La organización criminal de los Maras surgió como resultado de este sistema pobreza-migración entre las comunidades de jóvenes inmigrantes centroamericanos de Los Ángeles a principios de la década de los ochenta. Hijos de pandillas estadounidenses nacidas en los guetos latinos como la Bloods and Crisps, este grupo de adolescentes se hizo llamar Maras a imagen de las marabuntas, hormigas del Amazonas que devoran todo a su paso. Fue así como se formaron las dos bandas que siguen enfrentándose de manera sangrienta hasta el día de hoy: la Mara Salvatrucha (primera banda centroamericana) y la 18 (que asentaba su dominio en la calle 18, al sur de Los Ángeles), cada una tiene sus propios códigos, insignias, lenguaje y formas rituales.
En 1996, el campo de batalla se vuelve a desplazar a Centroamérica cuando el gobierno de Washington decide expulsar hacia sus países de origen a más de 100 mil pandilleros detenidos. Durante todos estos años, ambas pandillas han librado una batalla campal por el territorio, teniendo como negocio principal la extorsión de la industria del transporte y la empresa privada, así como el robo y la distribución de crack y mariguana en América Central.

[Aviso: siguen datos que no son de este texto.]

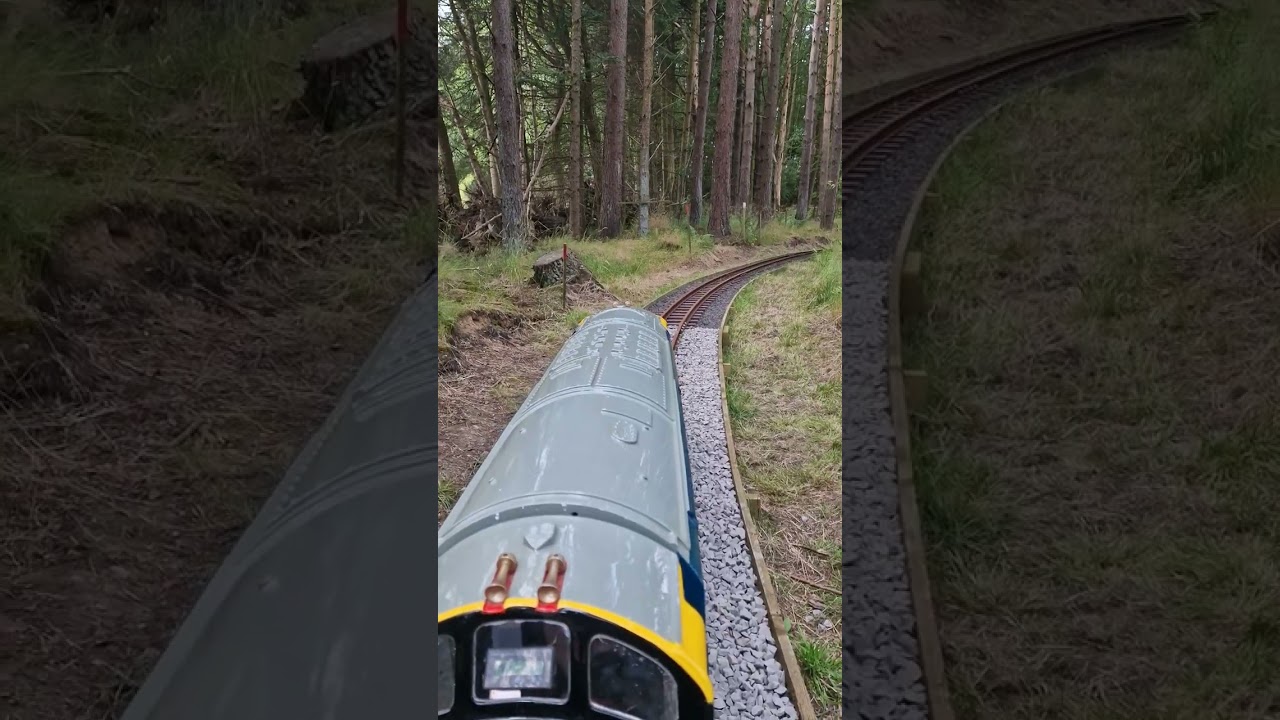 First train round the Almondell outer circuit, temporarily connected last weekend.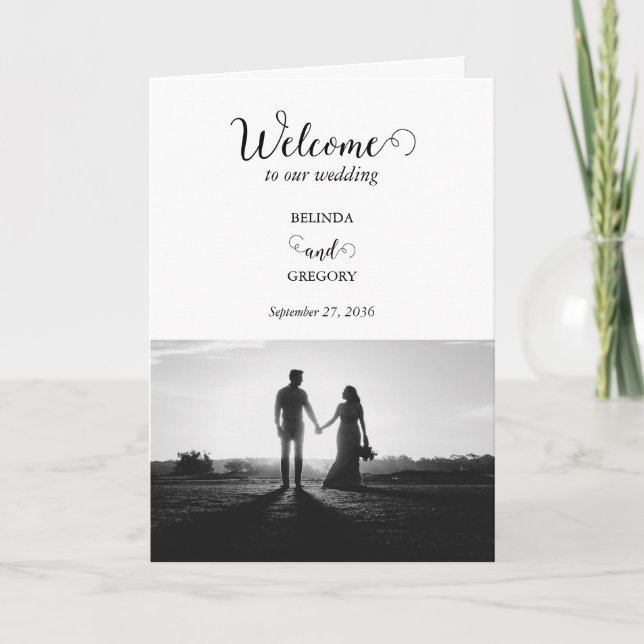 White Black Script Foto Wedding Order of Service Programm (Vorderseite)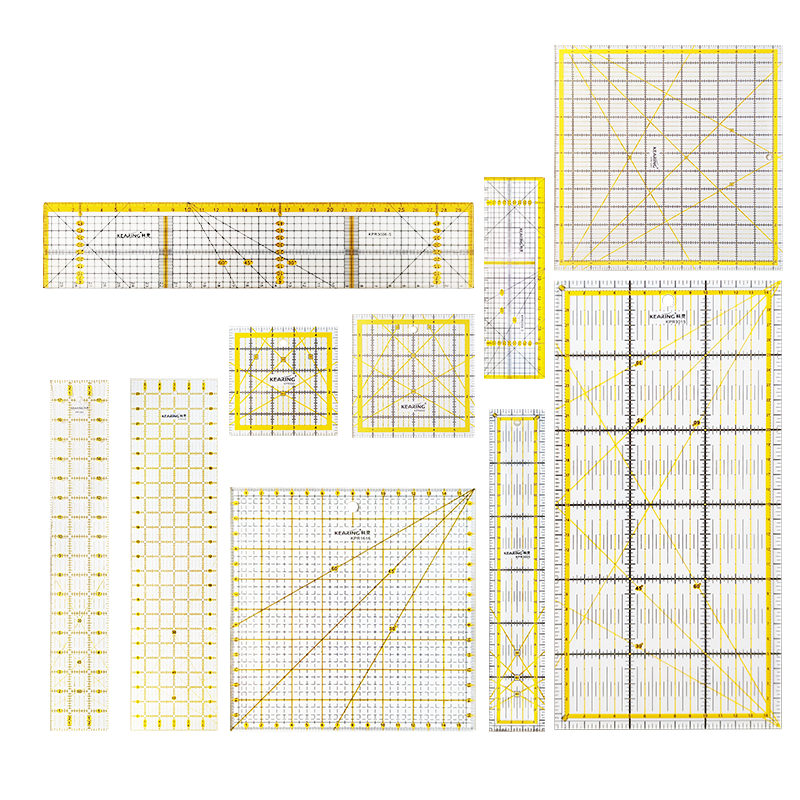 科灵拼布尺切割尺裁缝专用尺子缝纫亚克力裁布尺手工拼布缝份尺神器万用尺多功能裁剪直尺钢边英寸九宫格尺-图3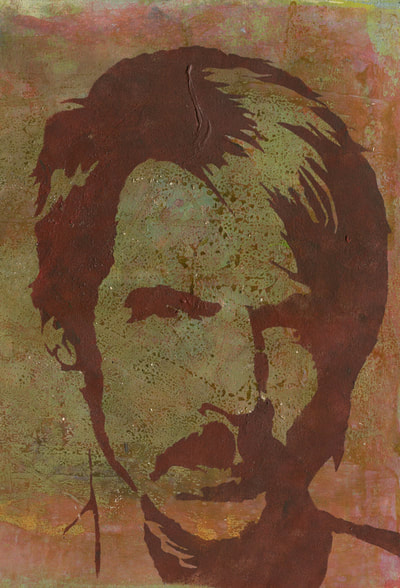 Anthony Kiedis singer stencilled painting with mark making background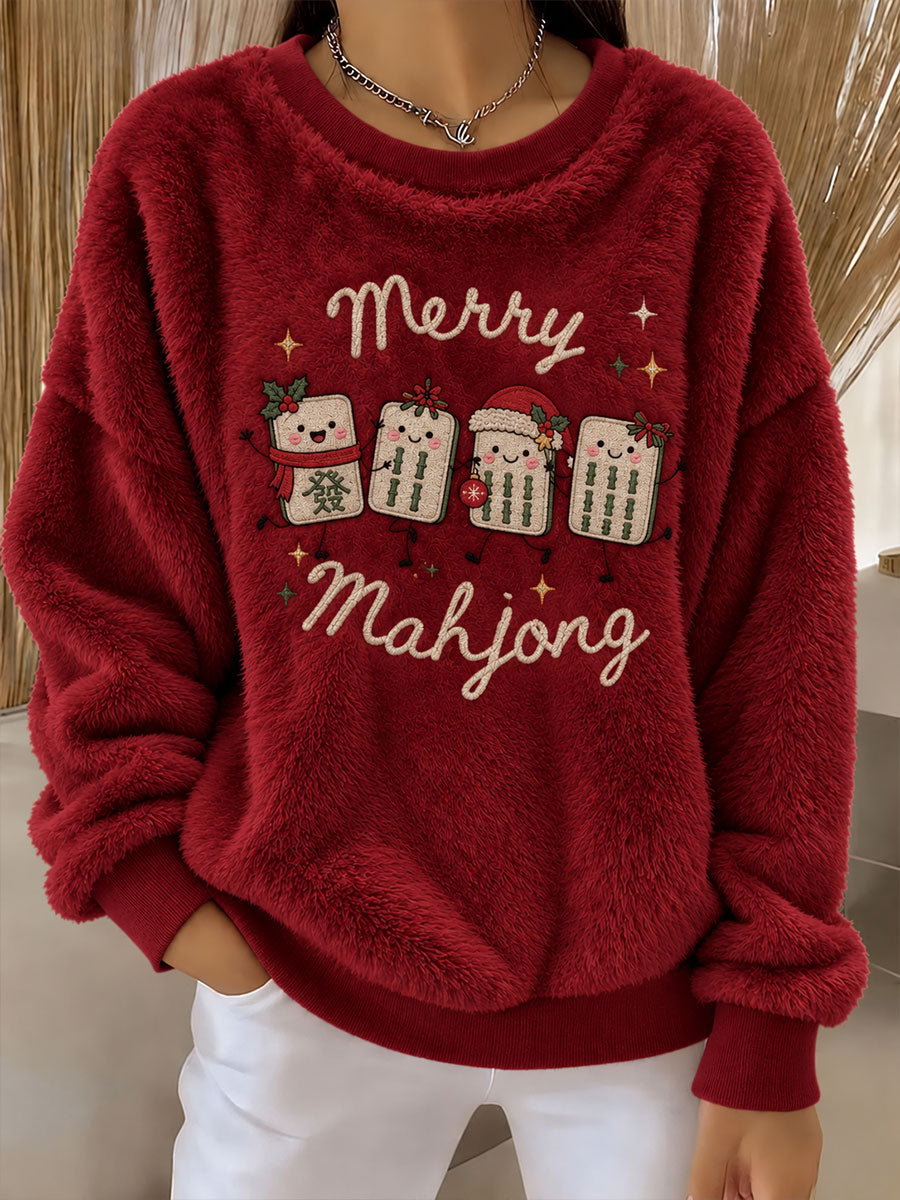 Women's Christmas Mahjong Print Casual Flannel Hoodie gracestitchs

Entre la dulzura y la superviolencia asesina
Ellos viven juntos, en un régimen autogestionario, se encargan de la limpieza de la casa, de las comidas frente al televisor, las paredes están recubiertas con ositos de peluche, imágenes religiosas, carteles con las estrellas del fútbol. Debajo del tejado, en cada rincón de los patios, están escondidos cargadores con balas de nueve milímetros… Mezcla permanente de dulzura y superviolencia asesina.
Cristian Poveda
Poveda nos mete de lleno en la vida de la M-18, sin explicaciones y sin anestesia. Poco sabemos acerca de los jóvenes que aparecen en el documental, pero podemos leer en sus cuerpos las marcas de una historia difícil de contar; su piel es un mapa plagado de cicatrices y tatuajes en el que podemos intuir una vida llena de vicisitudes. Estos “hijos de la calle” tienen como constante biográfica el abandono o el desamor filial. La pandilla como un hogar, como una familia; la pandilla como un núcleo de identidad y protección.
Poveda maneja con maestría la cámara emplazándola en el lugar correcto en el instante preciso, aun en los momentos de mayor peligro o vulnerabilidad emocional. El director asume una postura respetuosa frente a la realidad que se impone frente a su lente, permitiendo que sean los propios miembros de la comunidad quienes decidan sus temas de conversación y la forma de mostrarse a sí mismos.
La vida loca es un documento invaluable que implicó tres años de intenso trabajo en la comunidad salvadoreña de La Campanera con miembros de la 18 y que le costó la vida a su director. Poveda muere asesinado a balazos a manos de un ala disidente de la 18 quien lo inculpó de servir como informante a la policía. Sin darse cuenta y a pesar de la distancia que en todo momento se esforzó por mantener, Poveda terminó por convertirse en uno de los personajes de la pandilla y al elegir el personaje eligió el destino.